Horror: Call of the Cicadas

Artwork by Annie Ridd, www.annieridd.co.uk
Artwork by Annie Ridd, www.annieridd.co.uk

When she steps outside it is there. Cracked brown pieces like the pieces of a dry husk, scattered on the ground in front of her apartment complex. It looks to her as if a cicada has shed its shell, but it is far too large. Somebody has already broken it. Perhaps a child cycling through on his way to school.

As she hurries to catch the bus, she thinks how the cry of the cicadas has amplified these past few days. The cicadas fill the hot Seoul nights with noise. They are the sound of summer, emerging from years of slumber beneath the earth’s membrane to call and find a mate. But it is impossible to sleep amidst their amorous chorus. In waves it comes: their shrill and zealous song, receding and swelling.

City life has made them louder, the scientists say. They are clamouring to be heard above the urban din.

They can be found largely stationary, reverberating on the trunk of a tree, else crawling along so slowly that it is as if each movement is strenuous. They are plump little creatures who spend the greatest portion of their lives tucked away in sleepy earth before finally rising, casting away their shells to engage with adulthood, struggling to be noticed amongst the sounds of the city in their quest to find their elusive other half.

At Yonsei, the girl sits next to a new classmate who has just joined for the term. He has a slightly apologetic face with bulbous, bloodshot eyes quite widely spaced apart.

But there is a pleasant resonance in his voice. He speaks perfectly from the belly and his voice is rich and sonorous. She admires this because she herself speaks too much from the throat. She thinks her voice is too high-pitched and fragile, and she would like to change it.

Her classmate is quite a still and sedentary person, a little fleshy around the middle, who moves very slowly. Each step seems considered. When he walks it looks laborious but it also gives the impression that he cannot possibly have a vicious heart. He must be a kind, placid, gentle person, she thinks.

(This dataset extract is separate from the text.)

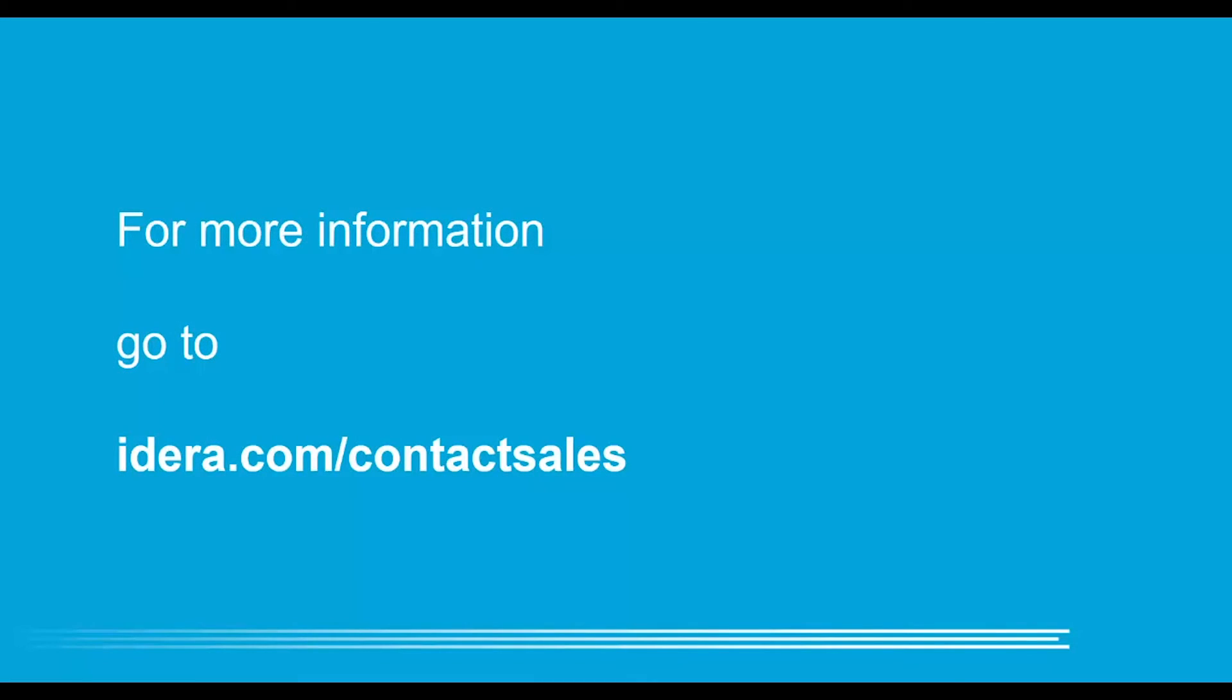If you would like more information you can go to idira.com contact sales.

Today he is looking strangely fresh-faced and pearly as though he has given his face an especially good scrub, exfoliating away the old skin cells for a new layer to shine through. He looks somehow more expansive and mature, his flesh beaming with new life.

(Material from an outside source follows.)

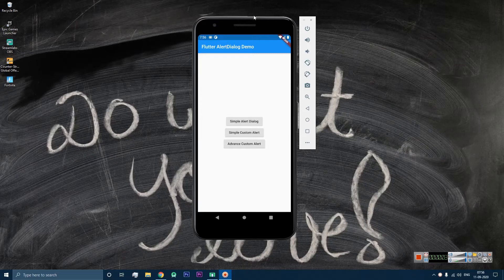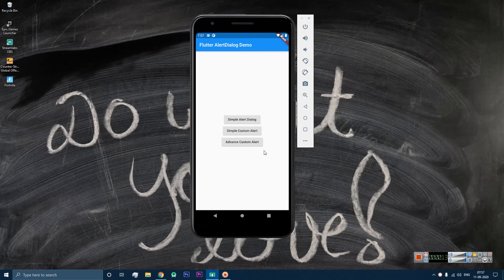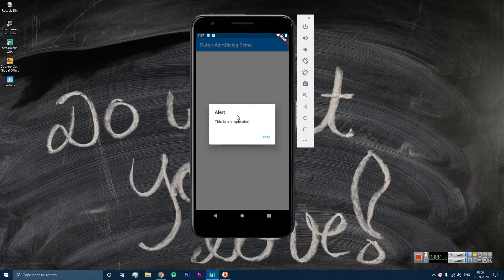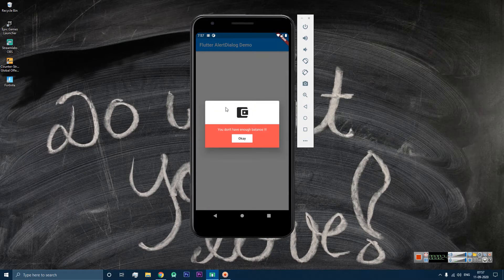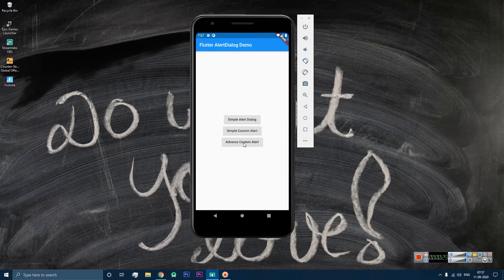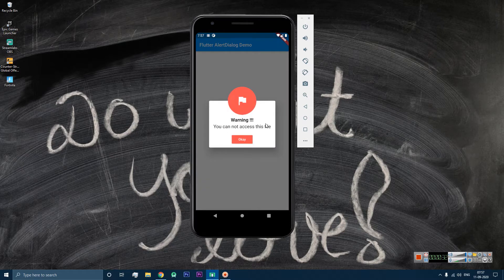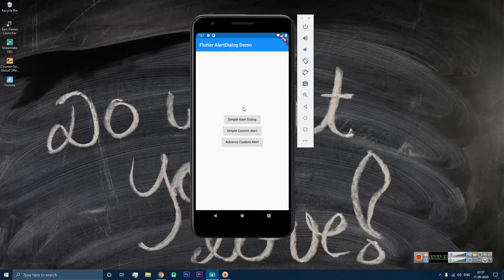Hey guys, welcome to our YouTube channel. Today I will show you how you can design custom alert dialogs in your Flutter project. Let me give you the demo first — we are going to design three types of alert. The first one is a simple alert box that comes with the Flutter SDK. The second one is a pure custom dialog, and the third one is a little more complex than the second one. So let's see how we can design these alert dialogs in Flutter. Let's get started.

She asks him how his weekend was and for some reason he blushes.

The class passes slowly, as do all the classes that day. She is sleep-deprived and unable to concentrate. She thinks of the cicadas that live in the tree across from her bedroom window, how the vibrations that sound from their hollow abdomens have been disturbing her sleep for almost a week. They are so loud, she thinks, the tree must contain cicadas of monstrous proportions.

When she returns home the husk is still there, decaying beneath the branches. The pieces have been further trampled on. She kicks one of the pieces on her way into the apartment and thinks again how it reminds her of the shell of a cicada, except that it cannot be, it is too large.

That night the chorus is louder than ever. She sits up in bed with a scowl. It is as though she is being serenaded by a particularly persistent and cacophonous lover. She glares at the tree outside her window, from which those relentless waves of yearning emanate.

But something is not quite right.

She narrows her eyes. She edges out of bed and slides the window open; leans out to discern what it is. And immediately steps back.

Through the leaves emerges the large, imploring, bloodshot eyes of her classmate; his shy and wistful face.

He moves slowly. He crawls along the branches towards her, the leaves rustling beside the loud and urgent buzzing of his abdomen.